Et plutôt que d’homogénéiser les postes de travail dans le sens du logiciel libre, la Rue de Valois optera pour… les solutions propriétaires de Microsoft. C’est ce que déclare une source à notre confrère. « Microsoft Office sera déployé sur les postes des agents de l’administration centrale. Actuellement, deux systèmes coexistent : la grande majorité des personnels utilise des logiciels libres et une minorité Microsoft Office, ce qui complique la communication ».

Microsoft Office sera déployé sur les postes des agents de l’administration centrale

Un choix curieux : visiblement, les logiciels libres comme Open Office et LibreOffice — ce sont les deux ténors du genre — sont plutôt répandus dans les couloirs du ministère, signe que l’adaptation à ces suites bureautiques n’est pas insurmontable pour les fonctionnaires. Et pourtant : c’est l’option minoritaire, qui est par ailleurs payante et propriétaire, qui a été retenue.

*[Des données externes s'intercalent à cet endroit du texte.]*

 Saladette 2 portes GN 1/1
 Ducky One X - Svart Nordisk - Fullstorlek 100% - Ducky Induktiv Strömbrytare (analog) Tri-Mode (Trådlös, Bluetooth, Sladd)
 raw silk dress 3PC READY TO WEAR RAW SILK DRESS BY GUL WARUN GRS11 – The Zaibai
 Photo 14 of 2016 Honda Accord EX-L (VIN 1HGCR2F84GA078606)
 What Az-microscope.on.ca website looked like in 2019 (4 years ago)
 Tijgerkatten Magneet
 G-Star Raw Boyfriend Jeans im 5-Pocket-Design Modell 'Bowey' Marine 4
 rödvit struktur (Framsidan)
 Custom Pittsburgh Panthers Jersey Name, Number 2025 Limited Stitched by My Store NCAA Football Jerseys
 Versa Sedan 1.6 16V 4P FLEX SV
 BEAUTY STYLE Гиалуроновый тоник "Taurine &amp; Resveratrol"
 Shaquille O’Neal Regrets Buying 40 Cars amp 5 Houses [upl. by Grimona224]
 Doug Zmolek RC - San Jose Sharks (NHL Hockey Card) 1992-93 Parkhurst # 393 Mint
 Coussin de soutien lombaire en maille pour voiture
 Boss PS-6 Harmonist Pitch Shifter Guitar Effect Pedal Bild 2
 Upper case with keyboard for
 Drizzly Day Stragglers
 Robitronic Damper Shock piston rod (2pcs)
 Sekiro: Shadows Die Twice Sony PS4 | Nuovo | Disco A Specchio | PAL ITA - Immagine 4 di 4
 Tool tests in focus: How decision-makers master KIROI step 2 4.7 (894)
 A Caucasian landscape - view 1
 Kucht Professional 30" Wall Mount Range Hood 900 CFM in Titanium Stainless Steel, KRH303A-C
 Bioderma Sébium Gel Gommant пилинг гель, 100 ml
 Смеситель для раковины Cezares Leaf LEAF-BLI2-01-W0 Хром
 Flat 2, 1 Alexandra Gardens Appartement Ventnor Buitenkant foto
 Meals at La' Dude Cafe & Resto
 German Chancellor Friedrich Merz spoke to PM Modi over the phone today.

L’April, une association de promotion et de défense du logiciel libre, n’a pas encore réagi officiellement aux informations sorties dans la presse mais, connaissant ses précédentes prises de position, on peut d’ores et déjà anticiper la consternation des militants, dans un contexte qui ne leur est guère favorable, entre le contrat open bar Microsoft / ministère de la défense et l’accord signé entre le ministère de l’éducation nationale et la firme de Redmond qui permettra à cette dernière de mobiliser 13 millions d’euros pour faire entrer Office365 dans les écoles, former des enseignants ou contribuer à l’équipement des élèves en tablettes.

La décision du ministère de la culture fait quelque peu tache alors que la loi pour une République numérique demande à l’administration d’« encourager l’utilisation des logiciels libres » dans ses choix informatiques (il s’agit certes d’un simple encouragement : qui n’est pas aussi audacieux que de donner la priorité au logiciel libre dans l’administration, mais il est censé fixer un cap).

C’est aussi un arbitrage étrange à la fois pour des raisons économiques (au printemps 2014, le gouvernement disait vouloir faire 18 milliards d’euros d’économies au niveau de l’État, par exemple en réduisant ses dépenses informatiques : -40 % en cinq ans), politiques (les révélations d’Edward Snowden ont mis en lumière la proximité entre la firme de Redmond et la NSA) et philosophiques (faut-il opter pour un logiciel propriétaire alors qu’il existe des alternatives libres ?).